We would like to draw your attention to this powerfully written message to students from Dean of Students Allen Groves, Marcus Martin from the Office for Diversity and Equity and Catherine Spear from EOCR:
Important Update on Bias-Motivated Incidents. It points to the increase in bias-motivated incidents in recent weeks and months, makes a strong statement about such incidents having no place in our community, and outlines some initiatives underway. It also makes the important point that each of us has the right to speak out and that speech itself is sometimes the best response to hateful rhetoric. This is particularly important because in the current climate, with such acts occurring all too often, we may be less effective if we wait for the institution to frame each event for us.
We are also committed to work to change underlying culture proactively rather than reactively, by working with you and other constituencies on the initiatives in Groves’ letter. We want to help faculty be effective members of our community as we all grapple with how best to respond.
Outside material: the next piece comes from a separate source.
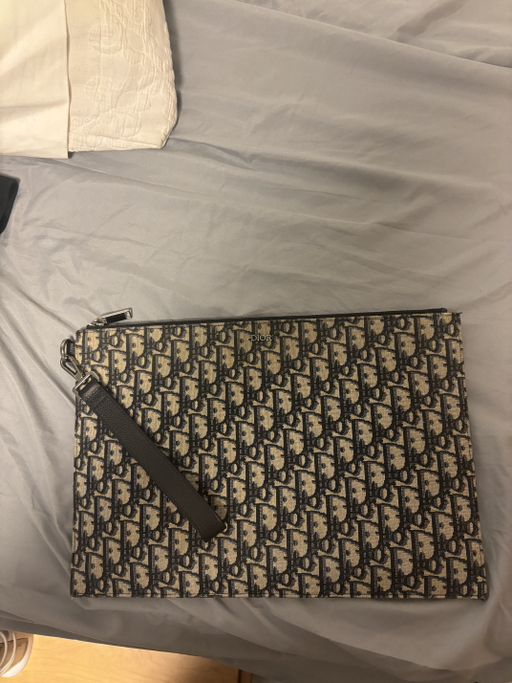 dior a4 oblique clutch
At the end of this semester, we will hold two town halls to help us discuss these issues together. The first town hall will be on December 2, organized by student leaders. The Faculty Senate December 7 meeting will be also be a town hall and allow us to act on these issues iteratively. All members of our community will be encouraged to attend both town halls.
So what else can we best do as faculty to help? Many people have asked us, and we wanted to share a simple thought that has arisen several times in recent meetings with students: Students have told us they thirst for faculty to acknowledge in their classes the outside events that may be affecting them. We ask you to consider this simple request: try to be aware of current events that could affect your students (the Cavalier Daily and the Student Affairs website, are two good sources) and, when it seems appropriate and within your comfort level, acknowledge the event and that it may be painful for your students. Show your concern. Not everyone is equipped to facilitate discussion of painful or divisive topics, though many are, and within each school there are various resources to help you. For example, Arts & Sciences departments have a director of diversity and inclusiveness; other schools have diversity officers or committees. And of course, you may reach out to either of us.
This is a starting point, and we look forward to working together with you and the students toward the vision of UVA as the best place to work and learn in Virginia.